This defeat reminded me of Prince Naseem’s demise. If the Irishman is to return to his best, he has his work cut out
The second-round technical knockout of Conor McGregor by Dustin Poirier can be analysed in many different ways.
For me, Naseem Hamed sprang to mind watching events unfold in the early hours of this Sunday morning. A precendent for how age, arrogance, fame and forces from the outside affect a modern professional fighter.
I covered Prince Naseem’s era. I’ve covered McGregor’s rise and rise in detail and there are similarities. Characters like this are engaging and fascinating. They climb so high, have huge gifts and genius, but eventually they must fall, either through themselves, or the rise of others.
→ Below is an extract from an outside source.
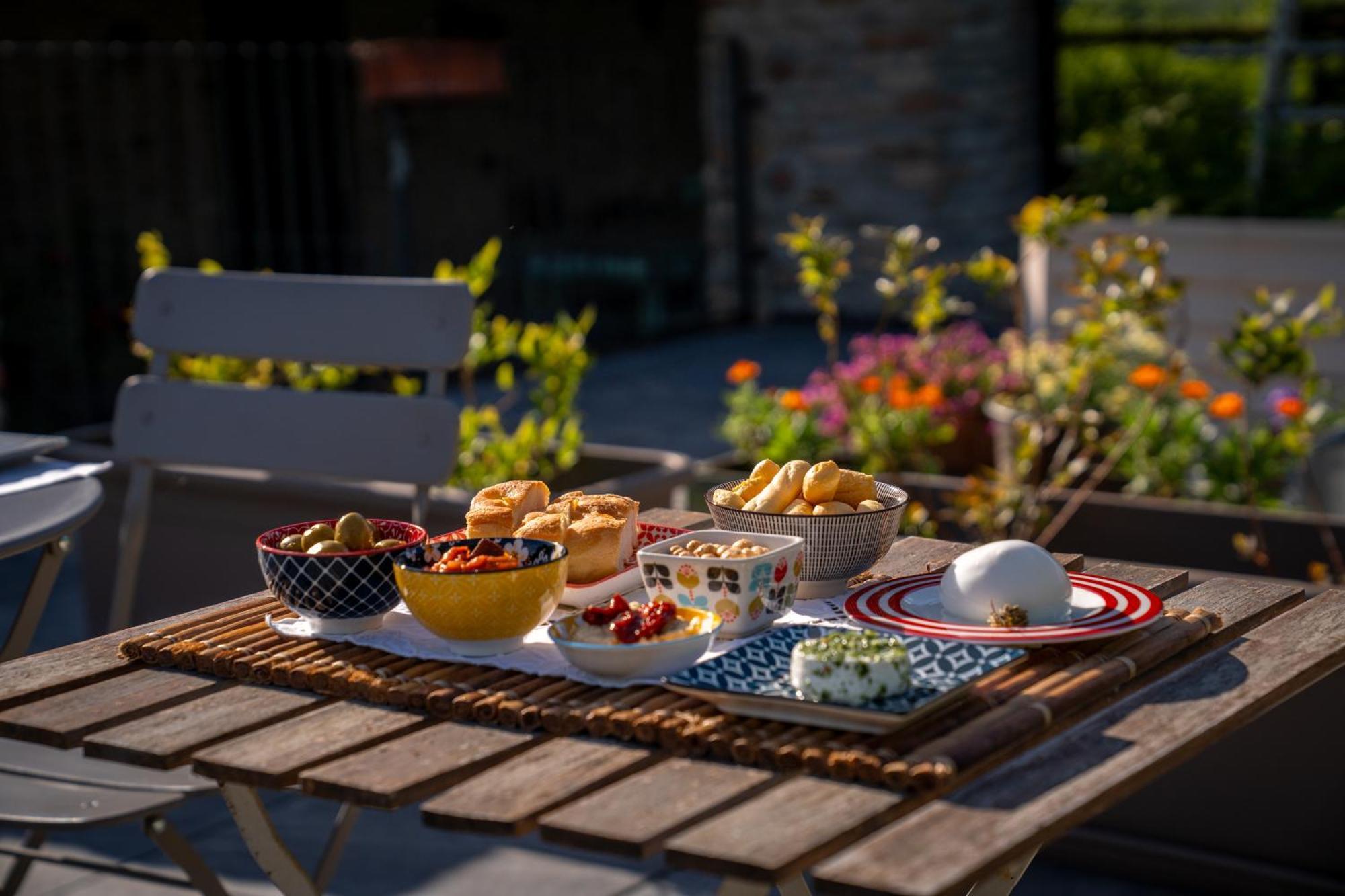 Gilda E I Suoi Amici Bed & Breakfast Neive Exterior photo
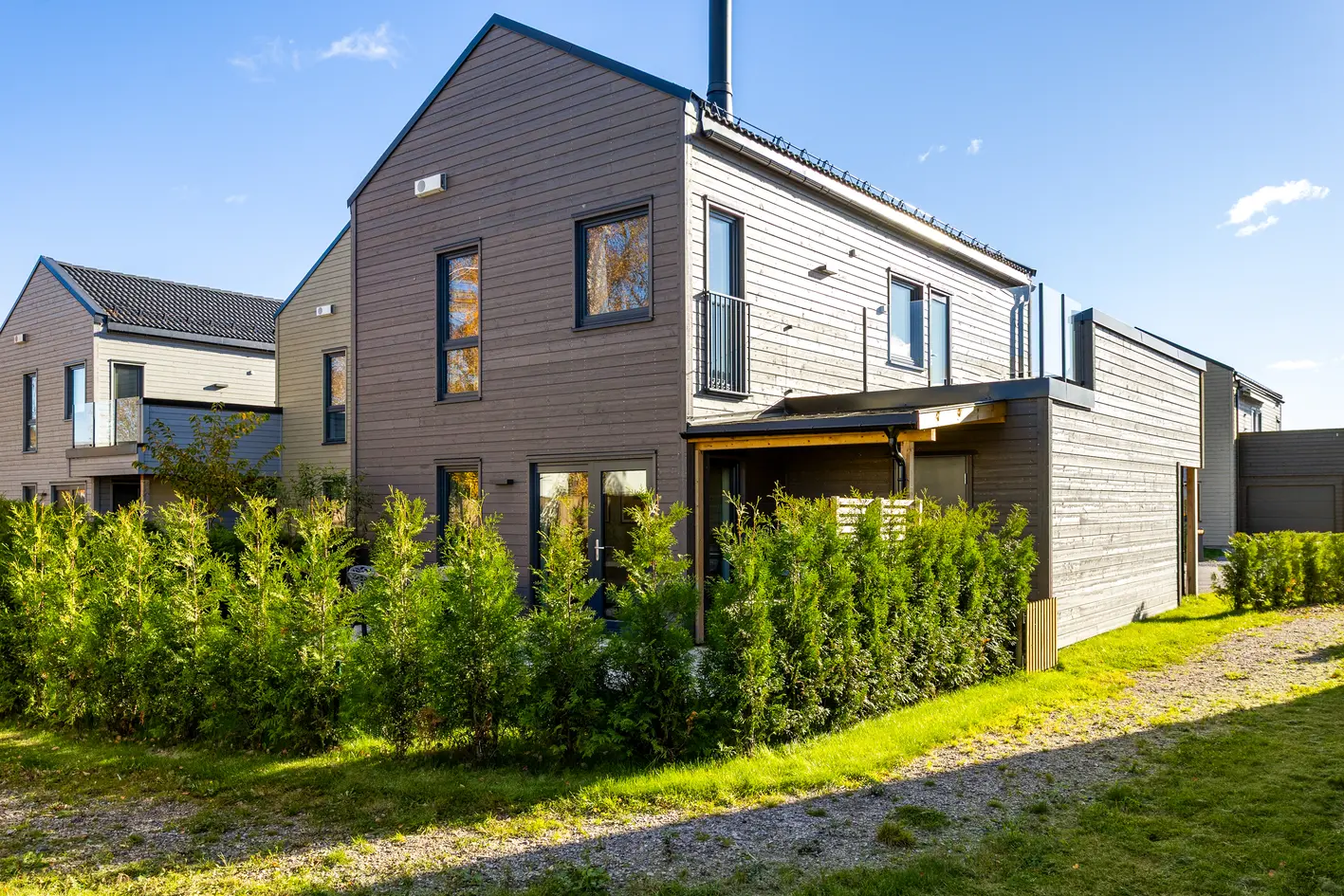 Strøken og tiltalende enebolig i kjede fra 2022 | Effektiv planløsning over 2 plan | Carport | Ingen forkjøpsrett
How much time did McGregor let slip by, physically, athletically, with just six fights in five years? He gained huge wealth, notably against Floyd Mayweather (an estimated $120 million) but it may have cost him in the cage. Time waits for no man, and never a fighter. And even if McGregor turned up a little more humble than usual, he still arrived with the accoutrement of a billionaire’s yacht.
“Inactivity,” was the salient word from ‘Mystic Mac’ in his post-fight interview with Jon Anik. That inactivity is his own problem. It would be no surprise if the huge riches McGregor has amassed have blunted the hunger he had when he was a young warrior, an out-of-work apprentic plumber, taking the sport by storm.
“The Notorious One” had not fought since his 40-second demolition of Donald Cerrone last January, hailed as a performance fit for a returning king, but he couldn’t blast through Poirier with his famed left hand and kicks. He looked older, slower, one dimensional even, despite a positive first round.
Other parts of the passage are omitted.